シカゴを特徴づけているのはその地理的条件である。

ミシシッピ川はミシガン湖近くまで流れ込み、19世紀半ばに10年以上かけてイリノイ・ミシガン運河が開通すると都市化が進んだ。鉄道整備と相まって内陸交通、交易の要になっていく。五大湖工業地帯の一角を占めており20世紀初頭には高層ビルが立ち並ぶアメリカ第2の都市になった。
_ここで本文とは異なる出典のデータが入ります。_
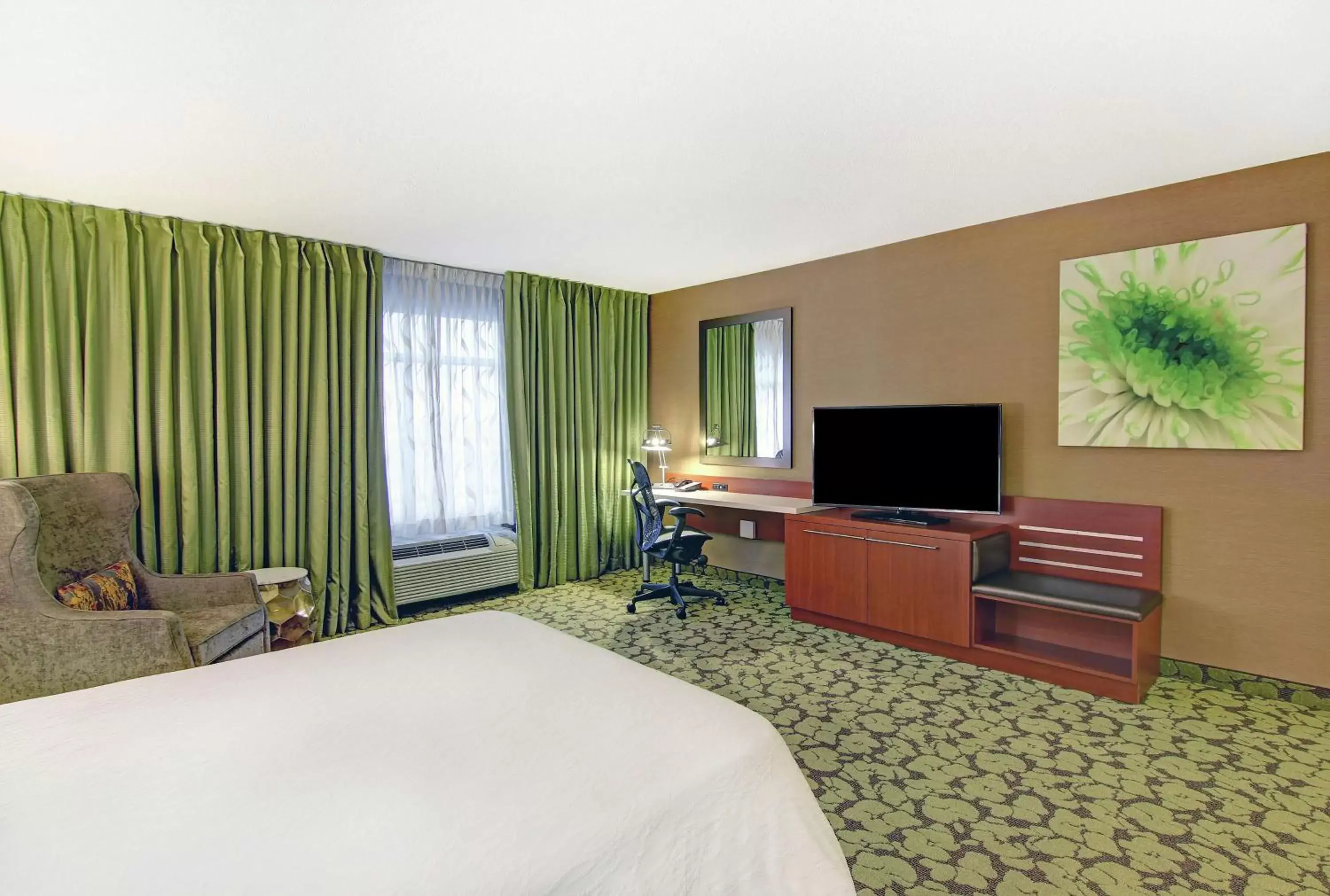 Bed, TV/Entertainment Center in Hilton Garden Inn Toronto/Markham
デトロイトにも言えることだが工業都市は移民や黒人の受け皿になった。サウスサイド地区にはチェコ移民のコミュニティーがあったらしく、ポーランド出身のチェス兄弟がシカゴにやってきたのも無縁ではないだろう。

 

もうひとつシカゴを語る上で忘れられないのが「アウトフィット」(シカゴ・ギャング)の存在だ。元々、ノースサイド、サウスサイドにはストリート・ギャングが存在していた。19世紀末にジェームス・コロシモがシカゴにやってきて勢力を広げた。組織にはジョニー・トーリオやアル・カポネが参入してきた。禁酒法時代には市長ウィリアム・トンプソンと癒着して莫大な利益を上げるようになった。その後はカポネ達のサウスサイド・ギャングとノースサイド・ギャングが抗争を繰り返すようになった。1920年代の禁酒法時代はジャズが北部に広がる時期でもあった。皮肉なことにギャングが経営するクラブやスピークイージーがジャズマンの活動の場になったのだ。こんな話がある。「カポネが経営する会員制クラブ、ゴールド・コーストがあった。深夜カポネが現れるとクラブは貸し切りになる。表は屈強なボディーガードが固めている。カポネのお気に入りはアール・ハインズ楽団だ。演奏が始まり上機嫌になったカポネはバンドスタンドに上がるとミュージシャンのポケットに100ドル札をねじ込んで回った。それを一晩中繰り返していた。」